Nous comprenons qu’il faut frapper enfin un grand coup avec ces mastodontes dont celui de Yaoundé portera le nom du Chef de l’Etat, Paul BIYA. Il était donc de bon ton qu’il fût plus costaud que celui de son prédécesseur Ahmadou Ahidjo. En plus il s’agit là d’un complexe sportif qui comprendra un hôtel 3 étoiles pour les regroupements des sélections nationales, un complexe de l’Institut de la Jeunesse et des Sports (INJS), une piscine olympique et des stades annexe de football.
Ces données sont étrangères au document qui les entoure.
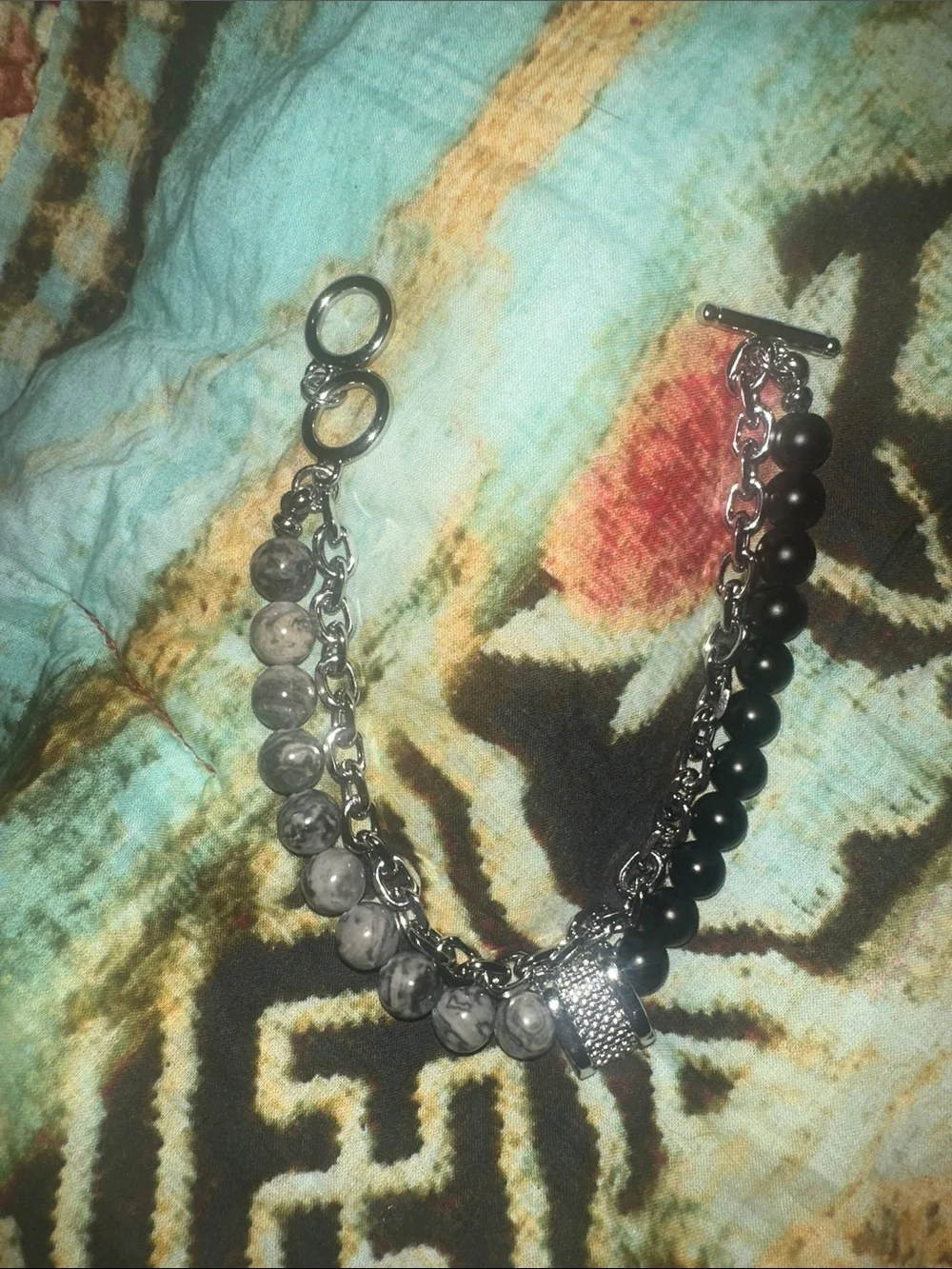 NWOT Matte Black Gray Tiger Eye Beaded Chain Bracelet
Néanmoins, des stades de 35 à 40 000 places, moins coûteux et plus collés au contexte économique actuel et même futur, auraient largement suffi au Cameroun pour accueillir toutes sortes de compétitions internationales. Le tort pour nous, diront certains Camerounais, de citer les exemples plus que parfaits des complexes sportifs de Bata et Malabo en Guinée Equatoriale, et de Libreville au Gabon ayant déjà accueilli, en moins de cinq ans, deux éditions des CAN (2012, 2015 et 2017).
QUELQUES CHIFFRES DE LA COUPE DES CONFEDERATIONS
La Coupe des Confédérations vient de se dérouler en Russie, le plus grand pays au monde (17,1 millions de km2 pour 146 millions d’habitants). La compétition s’est déroulée sur quatre stades dont le plus grand est celui de Saint-Pétersbourg, au Nord du pays, avec ses 60 500 places et une affluence maxi en finale (Chili-Allemagne) de 57 268 spectateurs. Signalons que la ville de Saint-Pétersbourg compte une population de 5 225 690 habitants.
Le Kazan Arena compte 45 105 places, dans une ville à l’Est de Moscou qui abrite 1 216 965 habitants. Mais sa position géographique positive lui a fait accueillir plusieurs milliers de fans du sport qui, dans un stade de 45 105 places, ont été à 34 372 lors de son premier match Portugal-Mexique et 40855 spectateurs pour son dernier match des demi-finales Portugal-Chili.
Le stade du Spartak de Moscou, l’une des infrastructures sportives de la capitale, compte 43298 pour une population de près de 15 millions d’habitants. Son premier match, Cameroun-Chili a fait une affluence de 33 492 spectateurs, et 33 639 lors de son dernier match Chili-Australie.
Le stade Ficht de Sotchi, dans une ville au bord de la Mer noire qui compte environ 500 000 habitants, est d’une capacité de 47 700 places pour une affluence de 28 605 spectateurs pour le match Australie-Allemagne.
Lorsqu’on fait les comptes, le constat est net, celui des stades qui correspondent à la population des villes, et surtout aux pôles touristiques de ces villes. En effet, le tourisme en Russie est en forte croissance depuis les années soviétiques ; d’abord grâce au tourisme intérieur, puis également grâce au tourisme international. Un héritage culturel riche et une grande variété de paysages qui font du pays, l’une des destinations les plus populaires du monde (9e pays le plus visité du monde). 28,4 millions de touristes ont visité la Russie en 2013, avec une progression de plus de 137% en 2016.
Pas de comparaison, et sans commentaire, tout simplement.